Morningstar | HKMA Hands out Three Virtual Banking Licences in Competitive Hong Kong Banking Market
The Hong Kong Monetary Authority, or HKMA, awarded three virtual banking licences to a number of joint venture companies with businesses expected to launch within six to nine months. The three licence winners are Livi VB, consisting of narrow-moat-rated BOC Hong Kong, JD.com and Jardine Matheson; SC Digital Solution, a joint venture between Standard Chartered, HKT, PCCW and Ctrip; and Zhong An Virtual Finance, a partnership between ZhongAn Online and Sinolink. Another five virtual bank applications are being considered by HKMA.
While the new entrants should increase the competition level in the Hong Kong banking sector, we do not expect competitive advantages to be eroded for narrow-moat HSBC, Hang Seng Bank, and the main operation of BOC Hong Kong. The Hong Kong banking sector is already highly competitive, and all three banks have seen their large deposit market share remaining largely stable. Given the high level of population density and maturity of the market in Hong Kong, we continue to see their existing branch network as valuable touchpoint for customer service and cross selling opportunities.
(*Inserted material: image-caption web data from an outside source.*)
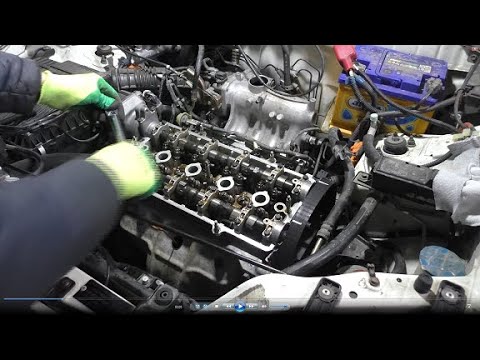 Видео: Замена маслосъемных колпачков на Хонда CRV 2000 года Honda CRV RD1  3часть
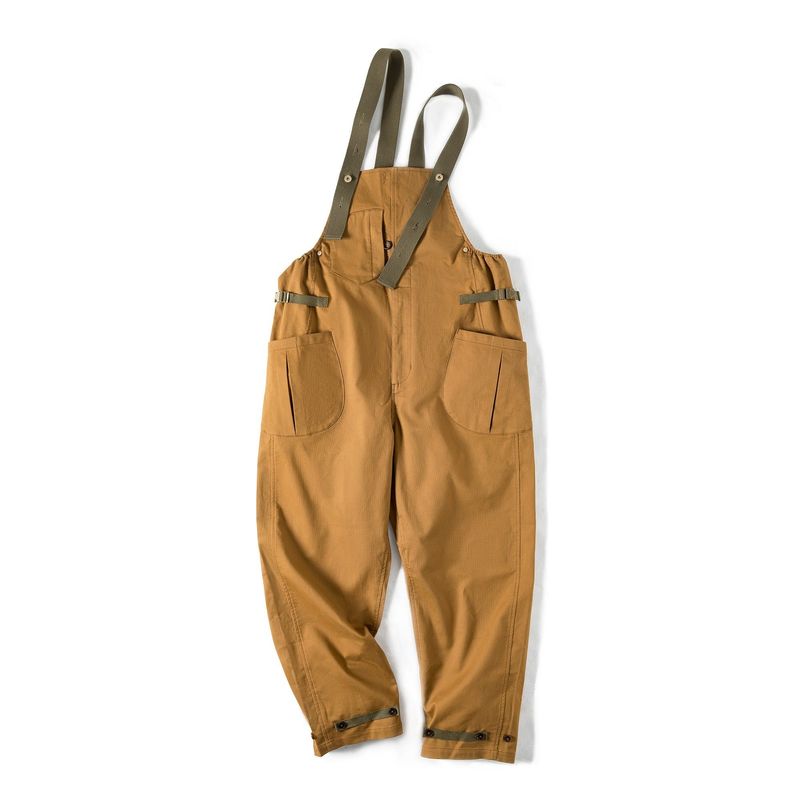 Madden Retro Casual Jumpsuit Suspender Pants Parka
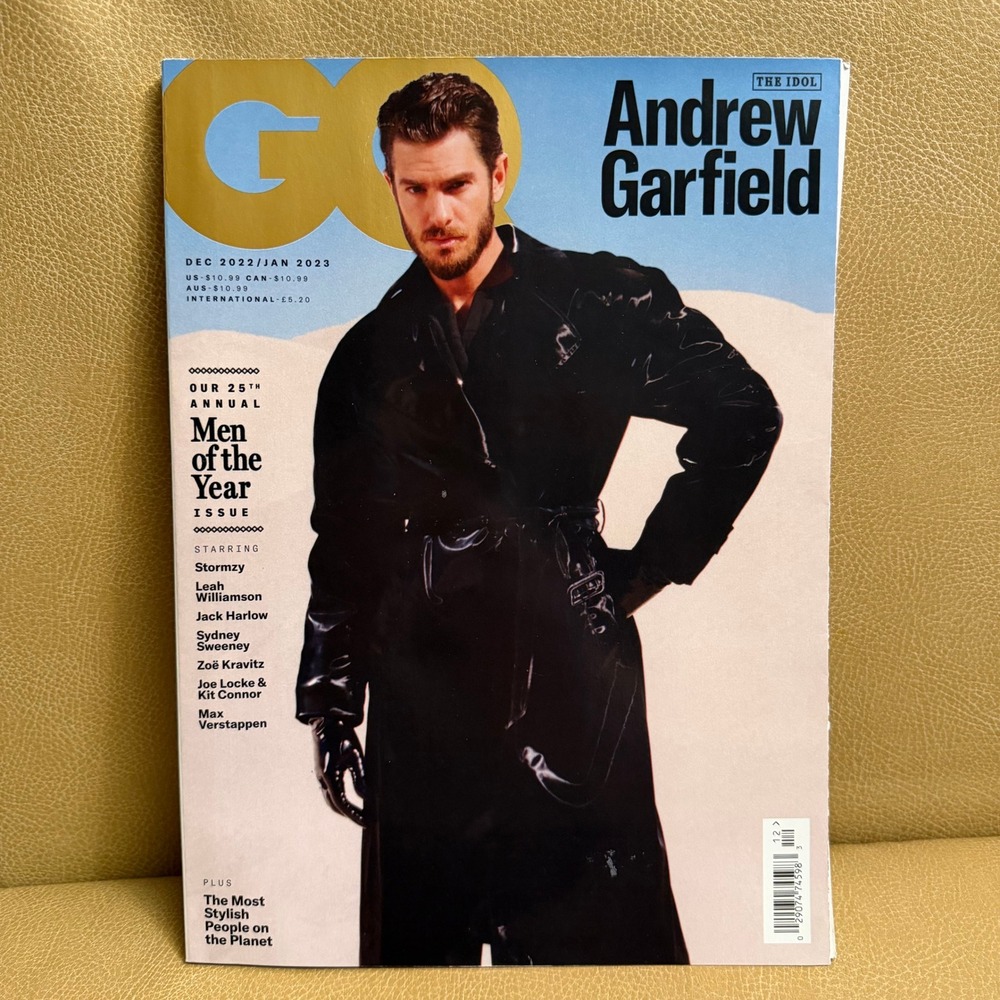 GQ Magazine Dec 2022 Jan 2023 Andrew Garfield Men of the Year Max Verstappen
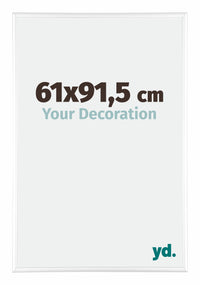 Kent Aluminium Photo Frame 61x91 5cm White High Gloss Front Size | Yourdecoration.com
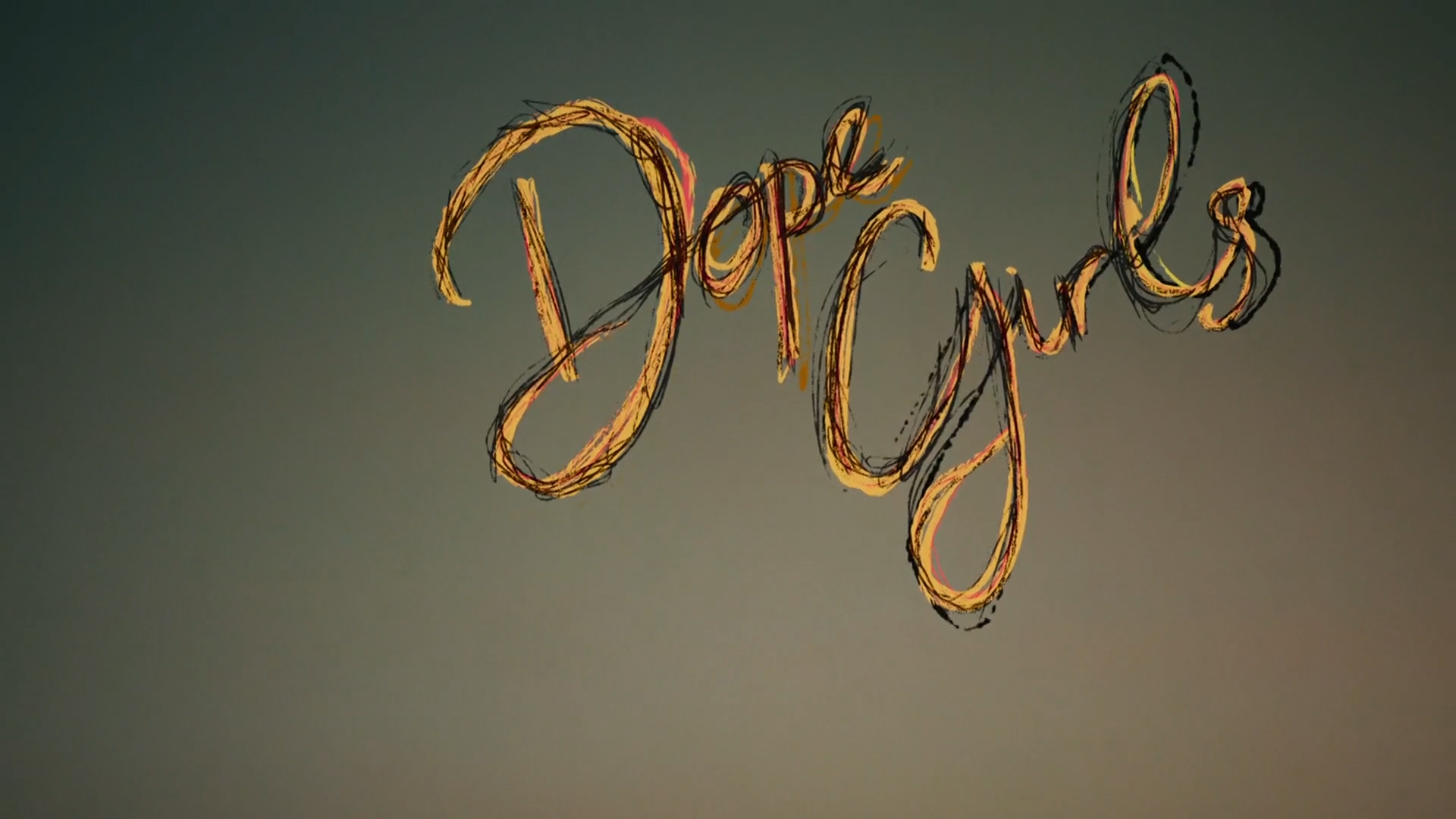 Dope Girls Title Cards by Peter Anderson Studio 02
All three banks have supplemented their branch networks with full-service digital platforms. From a cost standpoint, the virtual banks only need to maintain a principal of business in Hong Kong as a contact for HKMA and will benefit from a lower cost base with no physical branch requirement.
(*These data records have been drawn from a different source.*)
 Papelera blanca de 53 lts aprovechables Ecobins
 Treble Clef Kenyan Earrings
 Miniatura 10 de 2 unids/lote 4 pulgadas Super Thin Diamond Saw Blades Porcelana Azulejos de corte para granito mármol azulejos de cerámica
For narrow-moat-rated Hang Seng Bank, rent, premises and equipment, and depreciation make up close to 30% of total operating expenses. The majority of the balance is employee cost. While part of this is attributable to headcount in the branch network, the banks have automated and centralised processes. This has allowed front line staff to focus on sales activities to generate revenue and reinforces the bank’s competitive position in maintaining its low-cost deposit base. If the virtual banks can successfully pry away low-cost deposits from the existing banks, we see this as a key risk for the traditional banks.
In the more advanced and tech-savvy Mainland China, virtual banks such as Tencent’s WeBank act as a digital platform, taking commission by matching prospective borrowers on Weixin with the traditional banks, depending on the risk level. In our view, this is due to the lack of low-cost deposits for virtual banks which places them at a funding disadvantage. This in turn will cap a virtual bank’s ability to take on balance sheet risk, or issue a large balance of loans, and to manage credit risk. The Livi VB joint venture will commit capital of HKD 2.5 billion, far exceeding the minimum paid-up capital of HKD 300 million required by the HKMA. The HKD 300 million is in line with capital requirement under the Banking Ordinance. However, the committed capital is small relative to, for example, Hang Seng Bank’s equity base of HKD 162 billion.
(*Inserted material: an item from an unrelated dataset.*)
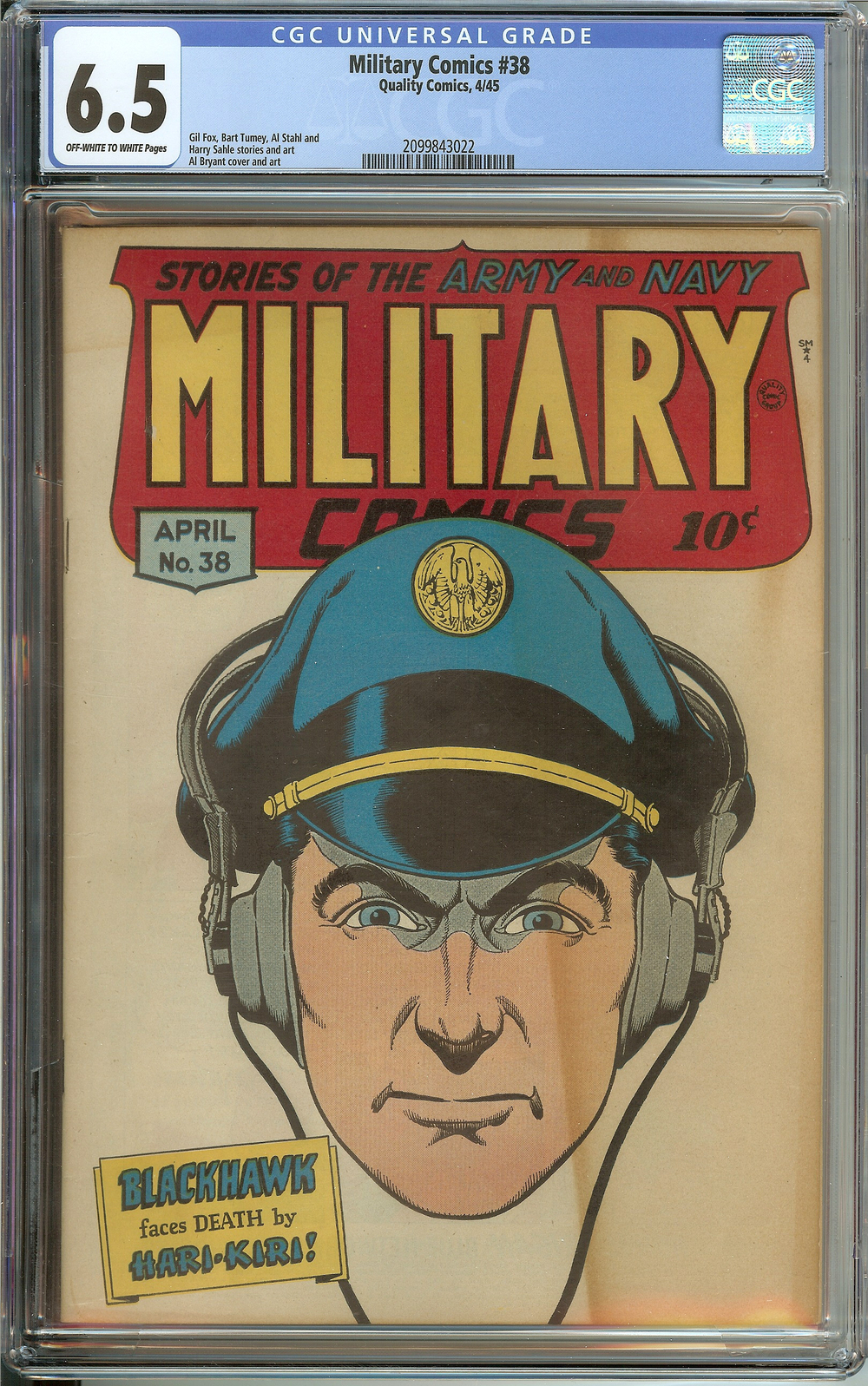 Cover of Military Comics #38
We believe the secondary moat source in switching costs also comes into play. While the banking industry is highly competitive and most people have accounts across multiple banks, customers usually have a higher number of products with their main bank. This is supported by a broad portfolio of financial products. For WeBank in China, products are limited to personal finance and microcredit, targeting individuals and small and micro businesses. The loans are short term with a maturity of three to six months and denomination of CNY 5,000 to CNY 30,000. Again, most loans are issued by the traditional banks. On balance, we believe the virtual banks will see some success in attracting the tech savvy customers, with basic financial needs.